Haifa Street was the location of the June 2004 Operation Haifa Street, and the September 2004 Haifa Street helicopter incident, in which a helicopter fired on a burning American Bradley Fighting Vehicle and killed 12 civilians, including journalist Mazen al-Tumeizi. Two days later a massive car bombing on Haifa Street killed 47. American troops stationed in Baghdad at the time, C Company, 1/153 IN of the Arkansas Army National Guard, part of Task Force 1/9, dubbed the street "Purple Heart Boulevard".

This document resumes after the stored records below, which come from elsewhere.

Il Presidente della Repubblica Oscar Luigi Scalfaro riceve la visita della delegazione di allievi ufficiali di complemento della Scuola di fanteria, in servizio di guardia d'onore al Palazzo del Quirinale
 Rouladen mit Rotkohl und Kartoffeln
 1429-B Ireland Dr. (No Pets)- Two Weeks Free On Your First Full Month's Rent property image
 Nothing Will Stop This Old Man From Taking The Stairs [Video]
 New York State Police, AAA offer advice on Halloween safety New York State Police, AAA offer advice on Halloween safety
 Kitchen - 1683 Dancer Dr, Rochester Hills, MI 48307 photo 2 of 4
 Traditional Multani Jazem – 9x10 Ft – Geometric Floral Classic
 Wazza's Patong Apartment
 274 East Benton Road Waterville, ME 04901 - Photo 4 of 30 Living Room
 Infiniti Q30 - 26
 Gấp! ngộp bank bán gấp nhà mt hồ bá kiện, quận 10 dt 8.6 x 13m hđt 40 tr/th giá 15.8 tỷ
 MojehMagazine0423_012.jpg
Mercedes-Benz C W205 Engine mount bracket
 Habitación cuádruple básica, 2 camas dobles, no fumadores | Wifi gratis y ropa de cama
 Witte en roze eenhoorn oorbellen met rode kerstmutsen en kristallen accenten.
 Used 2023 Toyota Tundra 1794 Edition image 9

On December 24, 2004, U.S. Soldiers from B Co. 3/325th AIR of the 82d Airborne Division in taking over a palace, later dubbed Predator Palace, and made it the 3/325th A.I.R. home for 4 months. During this time the paratroopers performed combat missions to assist weeding out the enemy. Ultimately the efforts of B Co. 3/325 AIR, made Haifa Street a safer place. By mid-2005 there were reports that conditions on Haifa Street had calmed, and control of the street was turned over to Iraqi forces in February 2006 but as of early 2007 the street remained riddled with insurgent hideouts. Fifty people were killed in a U.S.-led operation there on January 9, 2007 and another thirty were killed on January 24.

In early 2023, the prime minister of Iraq Mohammed Shia' al-Sudani launched a campaign and project to rehabilitate Haifa Street to turn it into a "model street". The project included the paving of the sidewalks with glazed muqarnas, removing deformities, installing decorative lighting poles and for the buildings, constructing four fountains, furnishing the street's traffic signs, installing bicycle lanes, painting the façades of the buildings, and planning. The project finished its first branch in late of that same year.